In a city, for the amount of people there are in a pub or club, no matter how many friends u have and how many of their friends you know you still aint gona ken the majority of the people in there.

"There's more to life than Caithness. But you're right, it's not all bad."
I know that im not disputing this fact but im just stating a fact, if the waterfront and skinz werent open im sure everyone would be having some boring nites in and complaining about the lack of thing to do?!!

PS.... Pepsi Challenge, if skinz/waterfront r so bad.....why do u even go to them?!
RANT OVER!!  ::

----------


## The Pepsi Challenge

Get over yourself lassie, i.e. leave Caithness when you get the chance. You'll thank me for it in later life.

----------


## Sianymo

> I know that im not disputing this fact but im just stating a fact, if the waterfront and skinz werent open im sure everyone would be having some boring nites in and complaining about the lack of thing to do?!!



To be completely honest I think the social scene suffered when Skinandis opened.    Flicks wasn't as popular and then closed down.  Everyone used to make a bee line for the Central Disco at the end of the night having already done the usual pub crawl, and then at the end of the night there was always a party at someone's house to be found.  Since the nightclub is open until  later than the pubs  alot of folk aren't into having a party afterwards - or so it seems.

----------


## caithnessgirl

> Get over yourself lassie, i.e. leave Caithness when you get the chance. You'll thank me for it in later life.


haha. for your info im not even in Caithness these days im away at uni. i was just saying it aint all bad for crying out loud.
so no, i wont be thanking you for anything

----------


## Dons_Lad

The Waterfront is dire these days I think. Someone said earlier, same crack, same music, same everything every week.

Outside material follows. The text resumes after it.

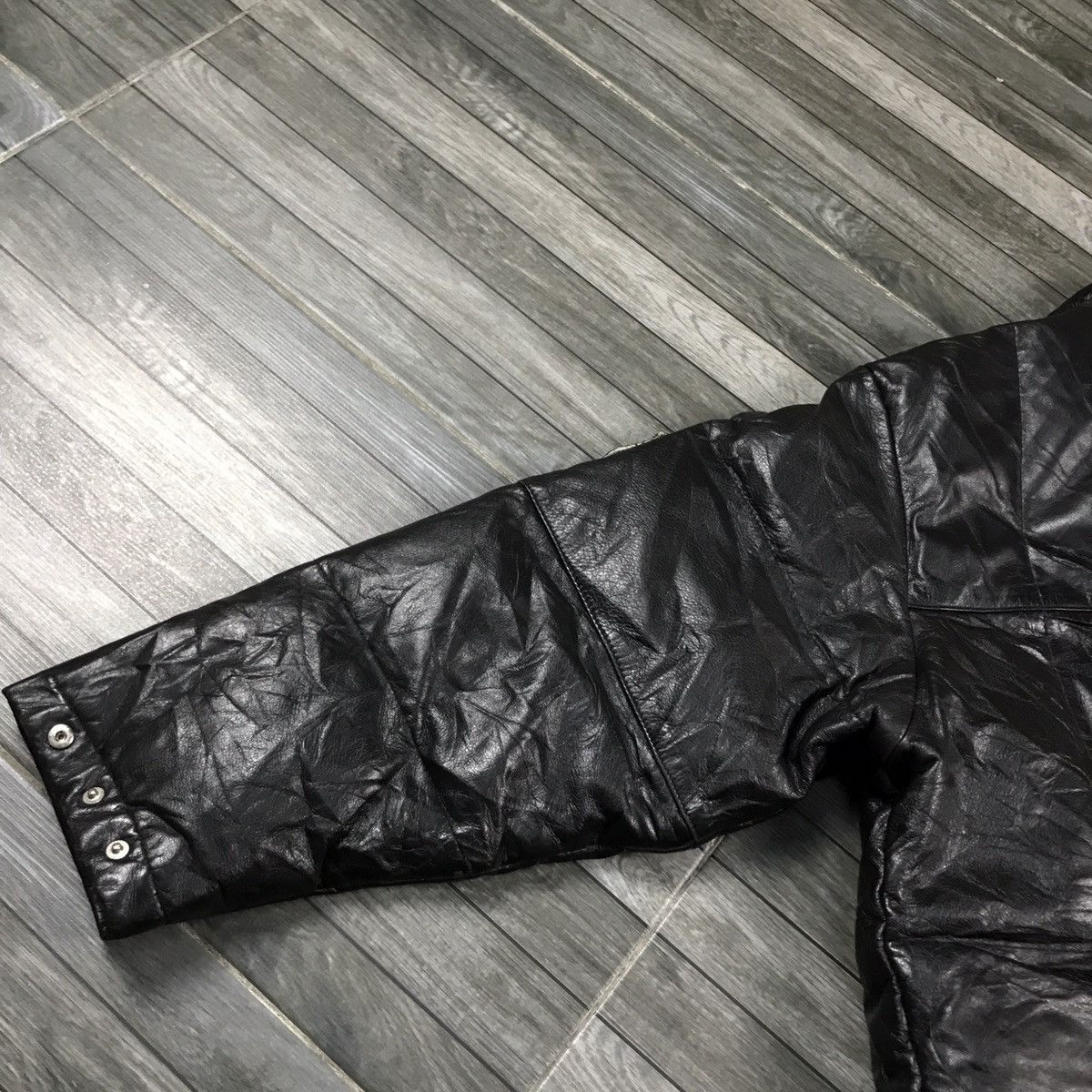 LEGERE MCM LEATHER JACKET PUFFER DOWN JACKET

In my opinion, the DJ isn't that great, but a few people say he's good, I just don't like the fact that there's like 1999 music when this is 2005. The underagers are still there, they just come in with older people now, but I still go to the 'Front for the banter!

----------


## L.Bain

I was in the waterfront myself weekend just past and yes, there was a fair amount of underagers. most of them stayed clear if the bar and were inserested in chatting away to their mates and up dancing. as i remember, fights that had to be stopped were'nt of underagers but of adults! in my opinion they were doing no harm and by underagers, they were 17 near 18 not as if there were 12yr olds running around.

----------


## mmmm_cocopops

i wiz in eh waterfront last night and thought i walked on to the set of the Rocky Horror Picture Show,wot i mean by that is i thought wimmin were men in drag,bonnie and ugly,maybe its just the lightin in the place.oh,was it a 70's night last night?or has the latest fashion not reached the far north yet guys? :Confused:

----------


## wicker

It's varied music for people of different tastes rather than the same crap dance thats out just now.  Most of the time you will find the dj is playing what people ask for and looking at the amount of people on the dancefloor they were happy enough with it.  No-one forces you to goto the place could always go home after the pubs or to a party instead if you dont like it.

----------


## ben1234

Hey,  dont think coco pops is talkin about the music .

----------


## angela5

i think coco pops did go to a party

----------


## Moira

Must have been some party! Cocopops has been suspended from the message board since then.

----------


## angela5

it was a quiet party why would of it been some party

----------


## masseyboy

I was there to when cocpops was & how can the disco still charge full admission price when there is only half an hour to go, the only difference between the owners & Dick Turpin is a mask

----------


## angela5

they charge £5 even if the disco is done in 5 minutes,, but the bar is open until bout 2.30am, u can even get a carry out then,, £5 maybe worth it

----------


## ben1234

Hy coco pops. I think that thing you had hangin off your arm in the waterfront was a man. Either that or shes needin a damn good shave!!
 Cant say too much about ugly folk in Wick or I might get suspended too.
But can someone tell me why are there so many ugly folk in one small town.

----------


## masseyboy

I think it must be something in the water

----------


## angela5

Too Much Alcohol,, And Fags.

----------


## ben1234

young folk nowadays. They should be ashamed of themselves.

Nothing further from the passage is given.